Assignment — Each line of the material should be set down exactly. Pictures are not part of the copy.

Dataset extract —
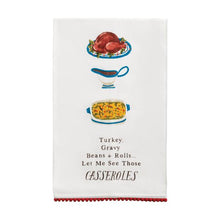 Load image into Gallery viewer, Mud Pie Thanksgiving Trim Towel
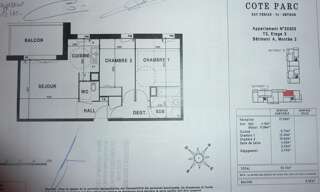 Appartement 3 Pièces 60 m² à louer à Annecy (74000)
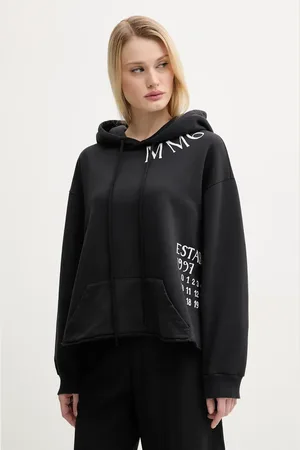 Maison Margiela Bavlněná mikina dámská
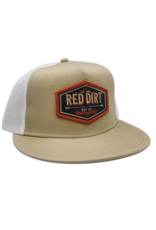 Red Dirt Sharp Shooter Cap Khaki/White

Task result —
 Load image into Gallery viewer, Mud Pie Thanksgiving Trim Towel
 Appartement 3 Pièces 60 m² à louer à Annecy (74000)
 Maison Margiela Bavlněná mikina dámská
 Red Dirt Sharp Shooter Cap Khaki/White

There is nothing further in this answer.